> Task brief:
Write out exactly, and only, the lines below from the line with "Tricou de bumbac cu imprimeu contrastant" through the line with "Boggs Series Barstool, Supports"; pictures do not belong in the copy.

--- START ---

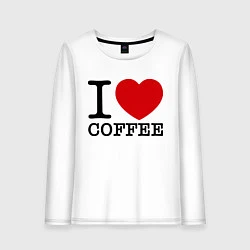 Женский лонгслив I love coffee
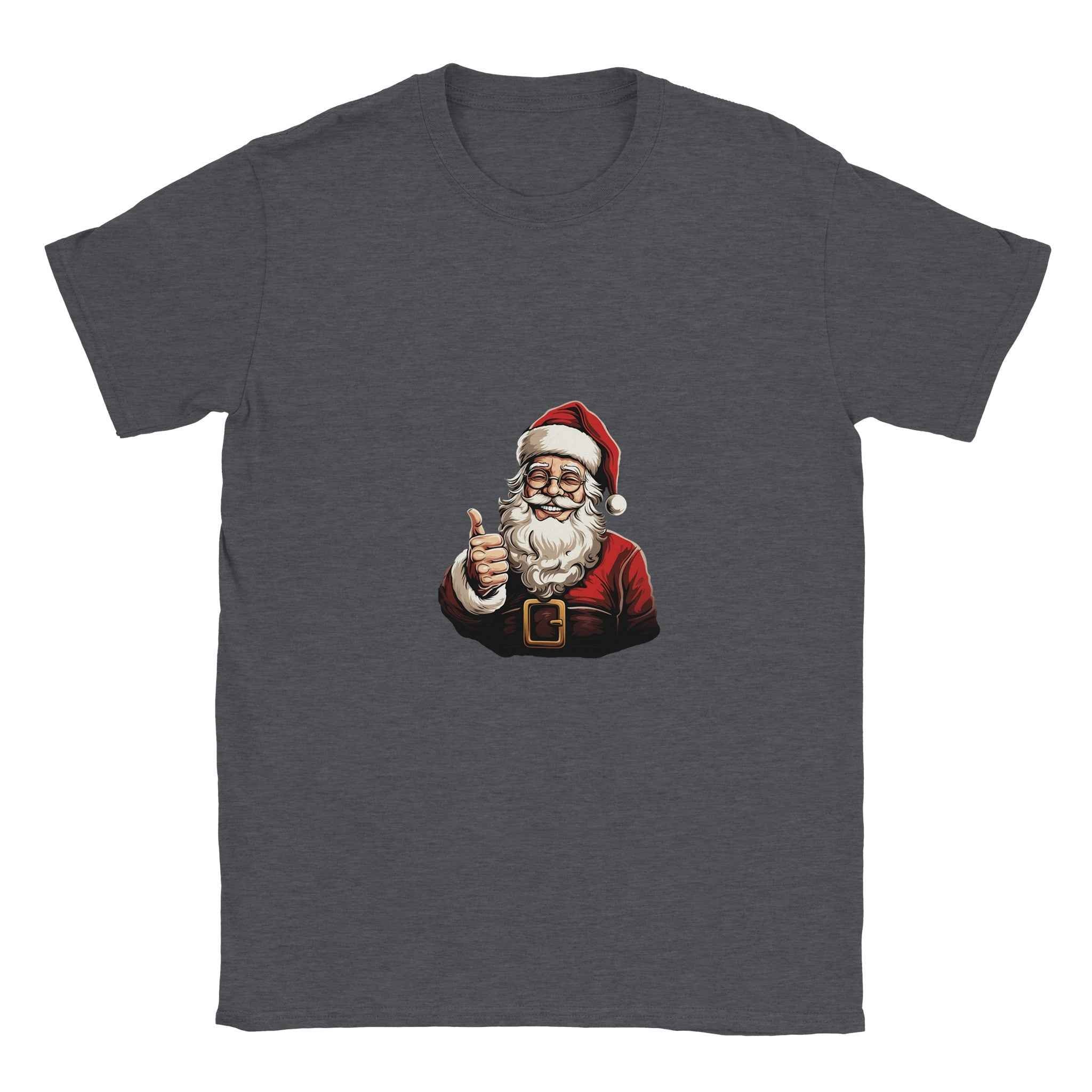 Jolly Santa Thumbs Up Christmas Tee – Festive Holiday Graphic Shirt in Multiple Colors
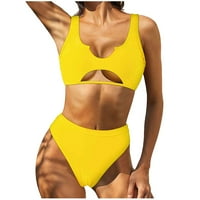 Clearance Tummmy Courmus za žene Bikini Solid šuplji izlaze plus veličine kupaći kostim za žene kupaće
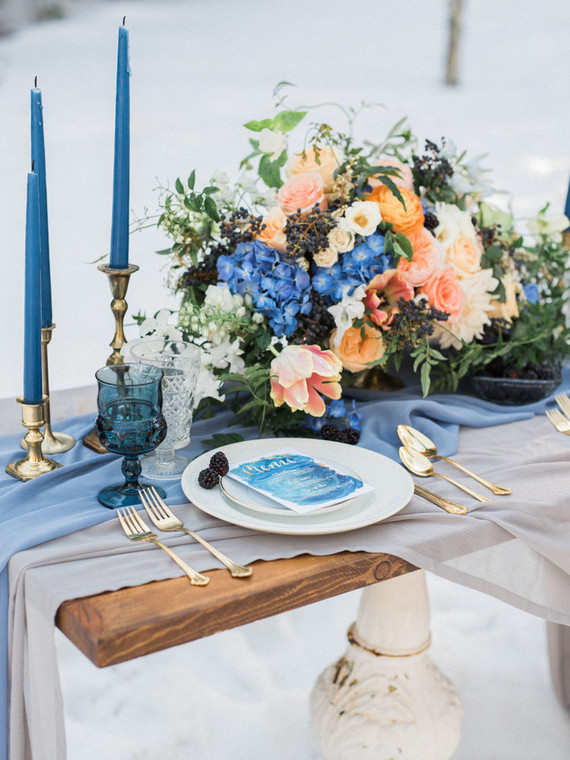 Blue wedding tablescape
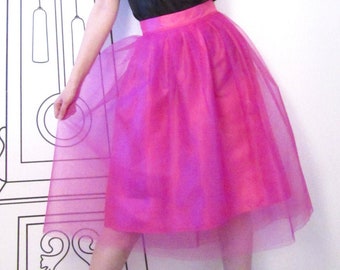 Midi Skirt / Tulle Tutu Skirt / Tutu Skirt / Tea Length Tulle Skirt / Bridesmaids Skirts / Pink Skirt by FabraModaStudio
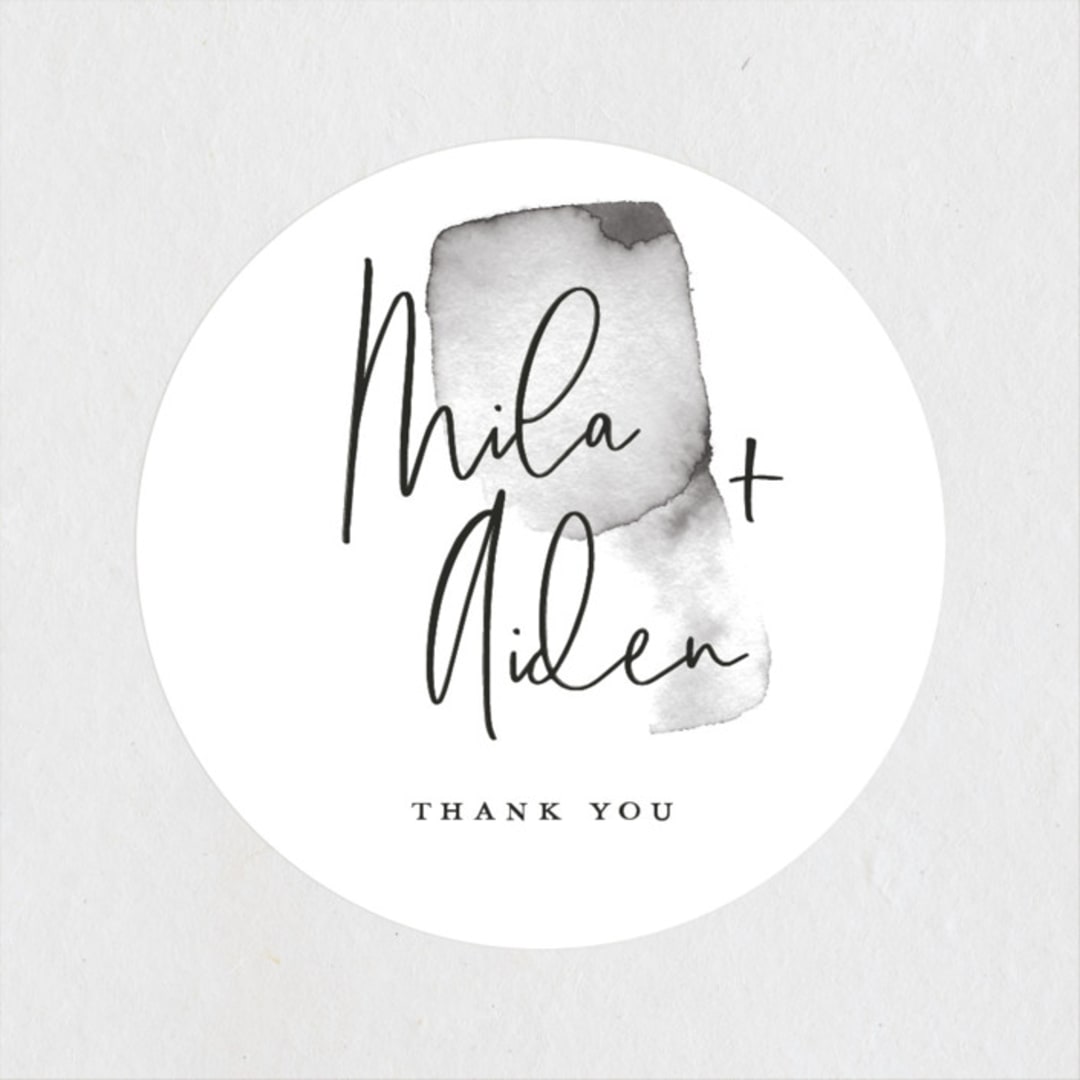 "Moxie" - Wedding Favor Stickers in Ink by Design Lotus - Front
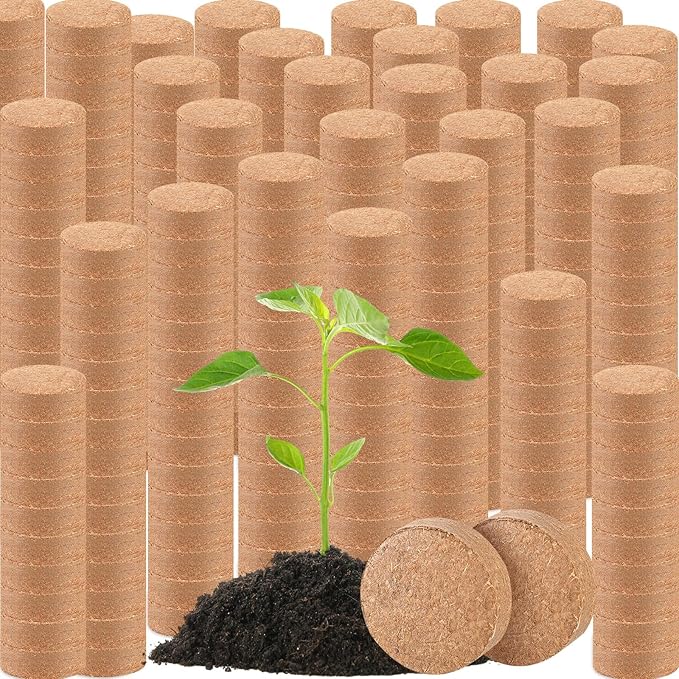 Sasylvia 500 Pcs (30mm) Compressed Coconut Coir Fiber Potting Soil Expanding Organic Coconut Coir Pellet Fiber Soil for Potted Plants, Succulents, Agricultural Cultivation, Home Planting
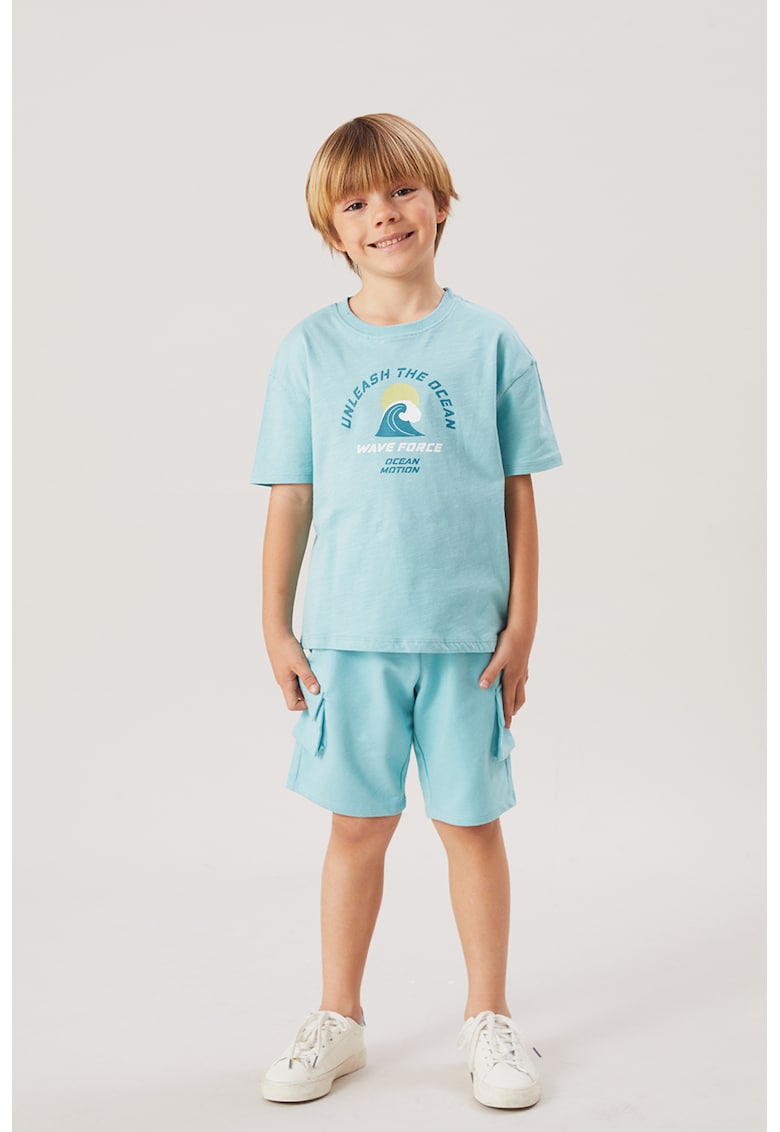 Tricou de bumbac cu imprimeu contrastant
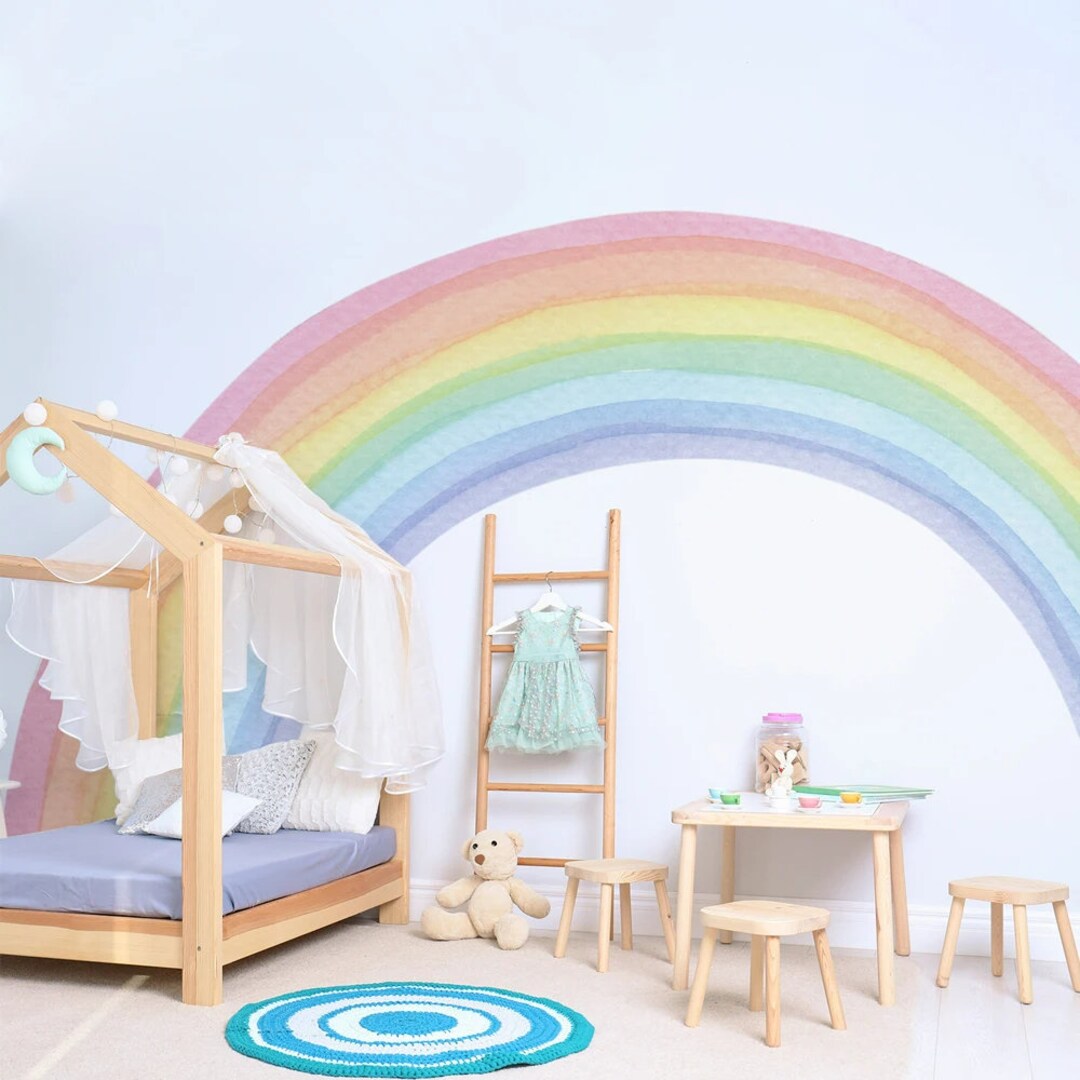 Pastel Rainbow Wall Decal: Large Nursery Mural, Playroom Decor - Etsy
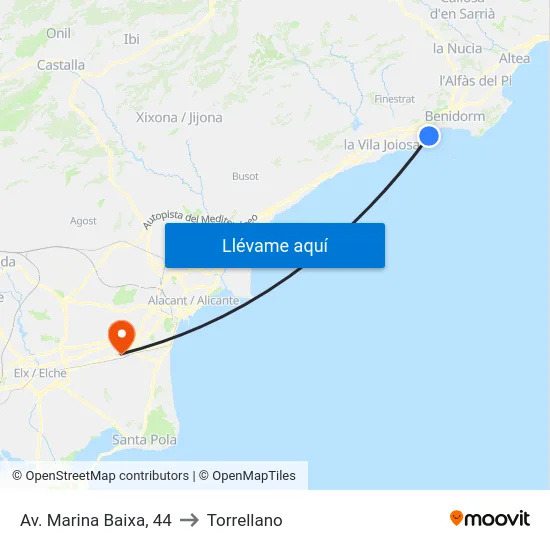Av. Marina Baixa, 44 to Torrellano map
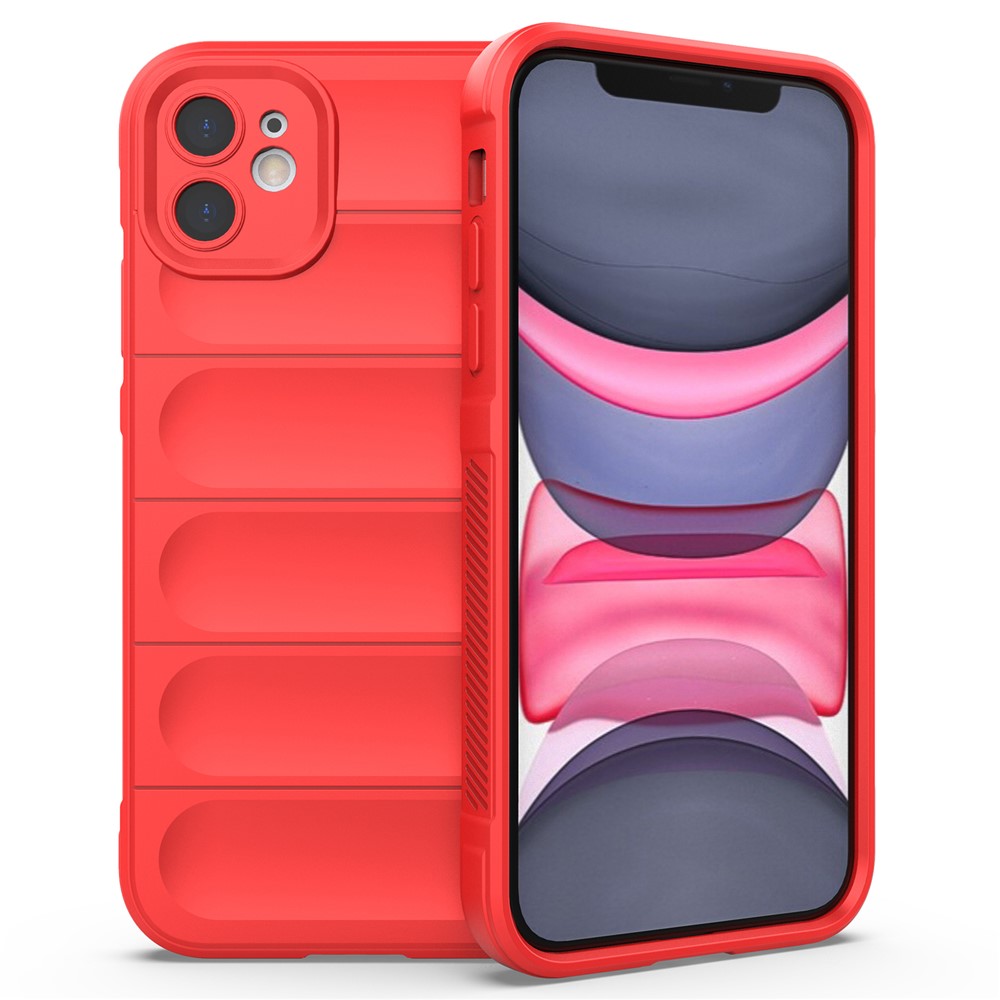 For iPhone 11 Phone Case Anti-scratch Soft TPU Rugged Back Cover - Red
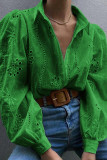 Embroidery Hollow Long Sleeved Lapel Shirt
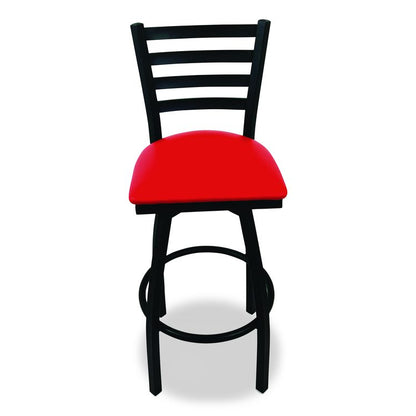 Boggs Series Barstool, Supports Up to 300 lb, 30.5" Seat Height, Red Seat, Black Back, Black Base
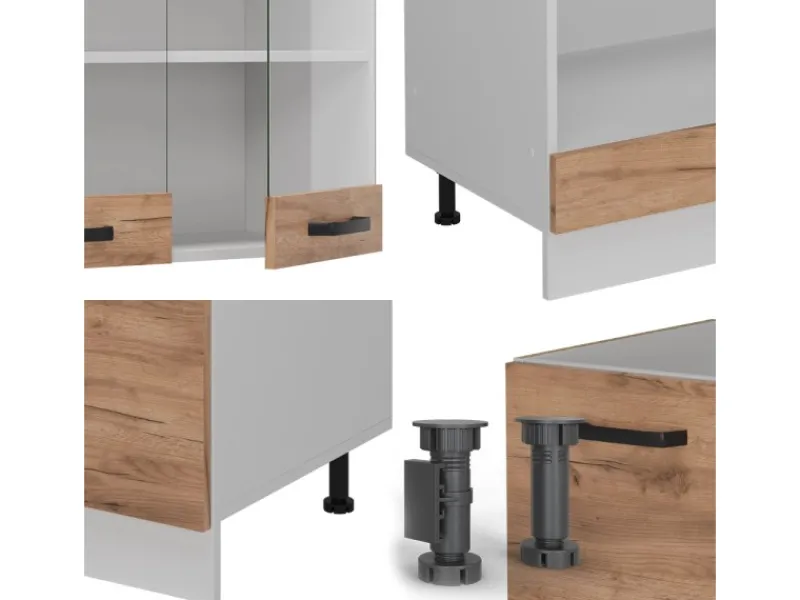 Vicco R-Line Eckküche Goldkraft Eiche/Weiß 227 x 287 cm AP Anthrazit ohne E-Geräte< Winkelküchen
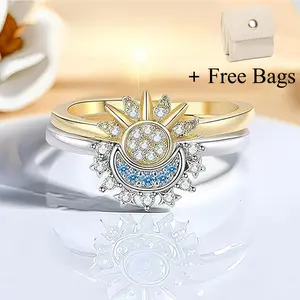 Sun Moon Ring Set Sparkling Crystal Gold Sun & Blue Moon Stackable Rings for Couples Friendship Best Friend Jewelry for Women Men Elegant Design Versatile Usage Perfect Gift with Free Bags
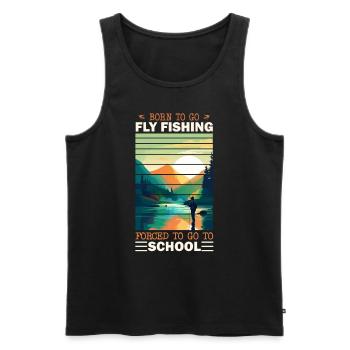 Retro Born to go Fly Fishing, Forced to go to - Männer Premium Bio Tank Top - Schwarz - Vorne - Michal (187cm)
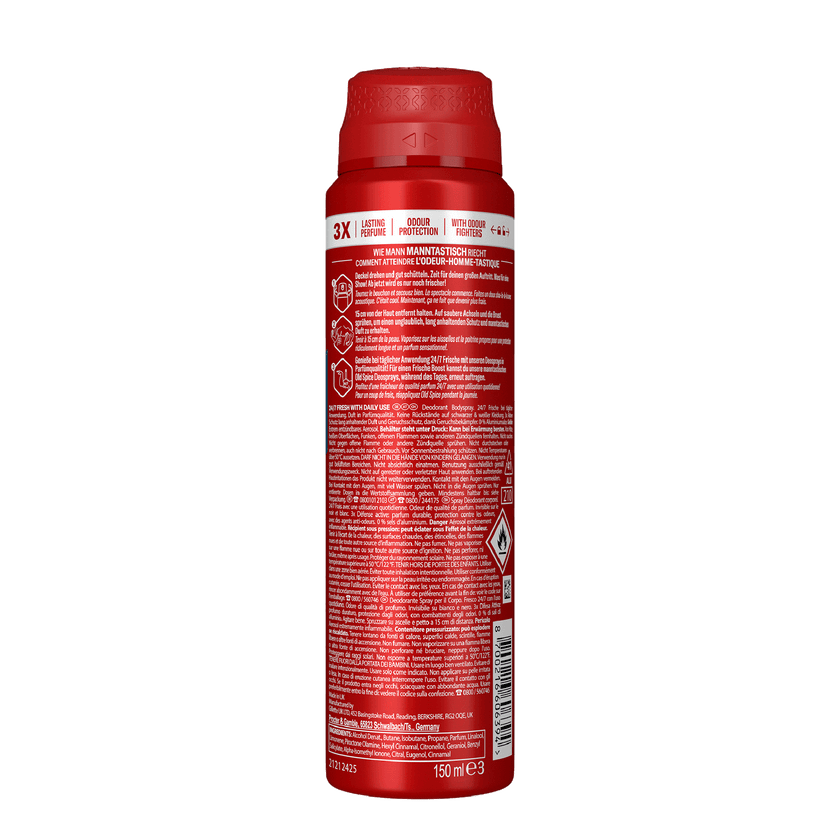 Rückseite von Old Spice Deo Bodyspray Whitewater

--- END ---

> Solution below:
 Tricou de bumbac cu imprimeu contrastant
 Pastel Rainbow Wall Decal: Large Nursery Mural, Playroom Decor - Etsy
Av. Marina Baixa, 44 to Torrellano map
 For iPhone 11 Phone Case Anti-scratch Soft TPU Rugged Back Cover - Red
 Embroidery Hollow Long Sleeved Lapel Shirt
 Boggs Series Barstool, Supports Up to 300 lb, 30.5" Seat Height, Red Seat, Black Back, Black Base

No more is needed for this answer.